Five indicators you should consider Azure Data Catalog to manage your metadata
DataMetadata is the neglected child of information management. It just doesn’t generate the same level of interest and executive buy-in as aspects like data quality and master data. Yet most organisations are quick to rattle off the ‘self-service’ mantra when it comes to their information management capabilities.
Surely self-service access to a centralised repository of trusted metadata should go hand-in-hand with access to the actual data?
What triggers demand in metadata?
There are many situations where business users may be seeking to interrogate your organisation’s metadata. When a new initiative is being launched, analysts are often looking to understand to what extent the organisation has the required data to support it.

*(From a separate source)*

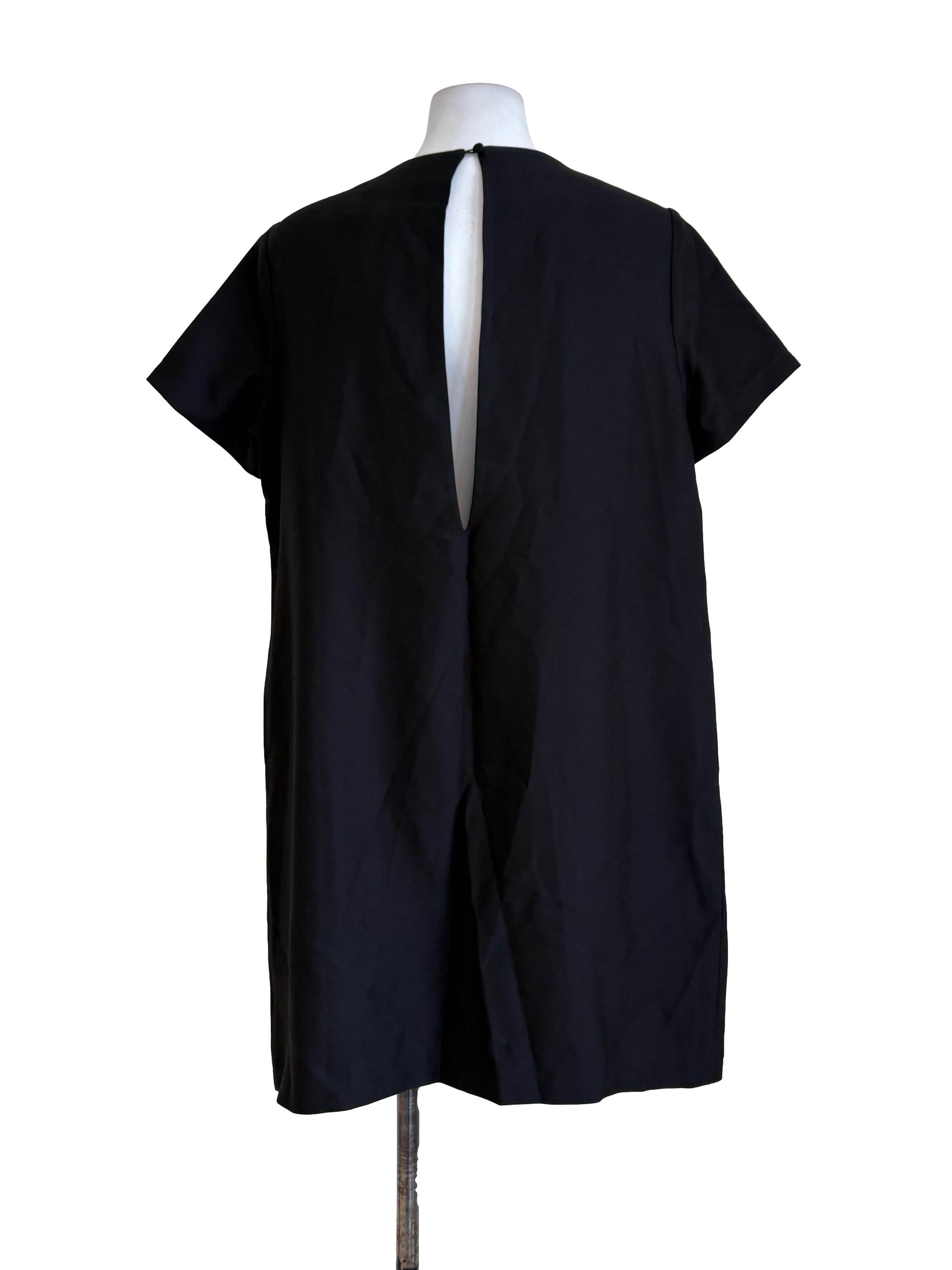 Black Deep V Boxy Dress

Other situations relate to executive-level triggers such as data audits or establishing the data currency of your organisation.

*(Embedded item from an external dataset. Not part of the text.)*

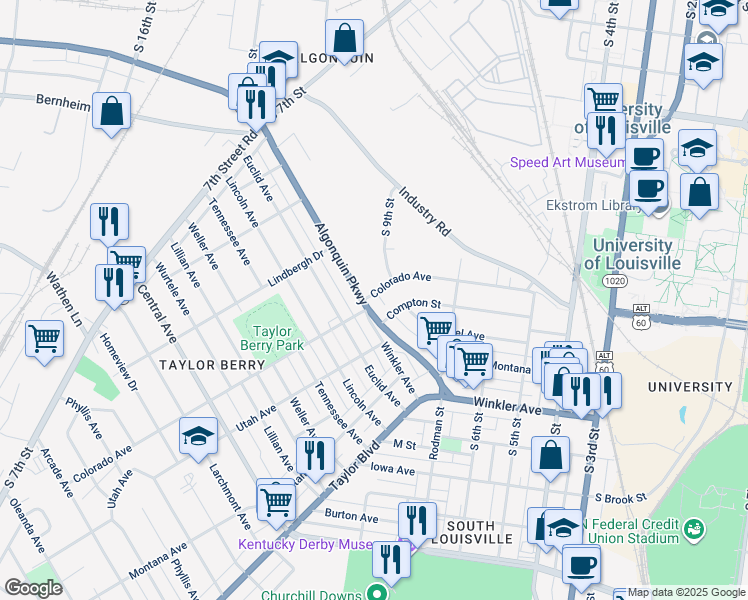 map of restaurants, bars, coffee shops, grocery stores, and more near 813 Algonquin Pkwy in Louisville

Yet the supply of metadata information can be far from optimal. Here are five scenarios that indicate you should consider modern tooling for managing your organisation’s metadata:
Indicator #1
When attempting to discover the data sets available within your organisation you are bounced between several different teams. Each team only offers a partial view of your organisation’s metadata or, more interestingly, two or more teams provide conflicting views.
Indicator #2
You obtain a metadata report but it is highly technical and lacks any business context. This is the opposite to self-service, as it requires the users who are seeking data to sit with the individuals who published the metadata report and translate the information.
Indicator #3
A very high-level metadata report is obtained but it doesn’t allow field-level analysis. Users who are seeking data often know the fields they are seeking so it is important to publish metadata at a field-level granularity.
Indicator #4
You are provided with a metadata report however it is nine months out of date. The most recently loaded data sets are often the ones users are seeking to interrogate so data timeliness issues can cause confusion and erode trust in the teams that publish metadata.
Indicator #5
The management and publication of your organisation’s metadata is too labour intensive and unsustainable for the targeted growth of data within your organisation.
Azure Data Catalog
Azure Data Catalog is a cloud-based service for managing organisational metadata. It is one of many data-related services on offer through Microsoft’s Azure platform and it appeals to both data engineers and business users.

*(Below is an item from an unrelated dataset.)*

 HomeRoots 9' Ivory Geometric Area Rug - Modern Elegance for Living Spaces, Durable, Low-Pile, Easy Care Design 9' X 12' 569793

Data engineers use Data Catalog because it can be rapidly provisioned, it has ‘out-of-the-box’ functionality for accelerating the registration of metadata and it allows business users to take responsibility for their metadata.
Data engineers can rapidly establish a metadata repository associated with their trusted data stores (both cloud and ‘on-prem’) through the data registration tool, which automatically extracts structural metadata (table definitions, field definitions, data types, etc). Data Catalog also has REST API support for more sophisticated interfaces.
Business users perform the functions of discovery, enrichment and consumption of metadata. Enrichment is performed through annotations and the application of custom tags against your organisation’s data assets. Data Catalog also offers a business glossary where business terms and their associated definitions are mastered.